> _ASSIGNMENT_:
All records are to be printed exactly as they appear.

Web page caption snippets
---------------

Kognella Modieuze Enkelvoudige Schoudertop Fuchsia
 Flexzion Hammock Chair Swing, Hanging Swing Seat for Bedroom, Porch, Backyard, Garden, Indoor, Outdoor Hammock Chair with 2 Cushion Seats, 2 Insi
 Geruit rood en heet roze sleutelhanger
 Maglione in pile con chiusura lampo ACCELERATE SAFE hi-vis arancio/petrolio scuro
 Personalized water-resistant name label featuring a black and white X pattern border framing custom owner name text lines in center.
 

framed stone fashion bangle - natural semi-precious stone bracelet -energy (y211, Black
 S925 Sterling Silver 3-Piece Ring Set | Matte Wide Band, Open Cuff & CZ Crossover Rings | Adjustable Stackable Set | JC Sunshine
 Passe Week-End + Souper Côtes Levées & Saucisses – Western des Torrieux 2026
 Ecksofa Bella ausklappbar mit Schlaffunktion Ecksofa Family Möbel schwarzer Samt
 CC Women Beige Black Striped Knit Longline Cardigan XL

---------------

> _THE ANSWER_:
Kognella Modieuze Enkelvoudige Schoudertop Fuchsia
 Flexzion Hammock Chair Swing, Hanging Swing Seat for Bedroom, Porch, Backyard, Garden, Indoor, Outdoor Hammock Chair with 2 Cushion Seats, 2 Insi
 Geruit rood en heet roze sleutelhanger
 Maglione in pile con chiusura lampo ACCELERATE SAFE hi-vis arancio/petrolio scuro
 Personalized water-resistant name label featuring a black and white X pattern border framing custom owner name text lines in center.
 

framed stone fashion bangle - natural semi-precious stone bracelet -energy (y211, Black
 S925 Sterling Silver 3-Piece Ring Set | Matte Wide Band, Open Cuff & CZ Crossover Rings | Adjustable Stackable Set | JC Sunshine
 Passe Week-End + Souper Côtes Levées & Saucisses – Western des Torrieux 2026
 Ecksofa Bella ausklappbar mit Schlaffunktion Ecksofa Family Möbel schwarzer Samt
 CC Women Beige Black Striped Knit Longline Cardigan XL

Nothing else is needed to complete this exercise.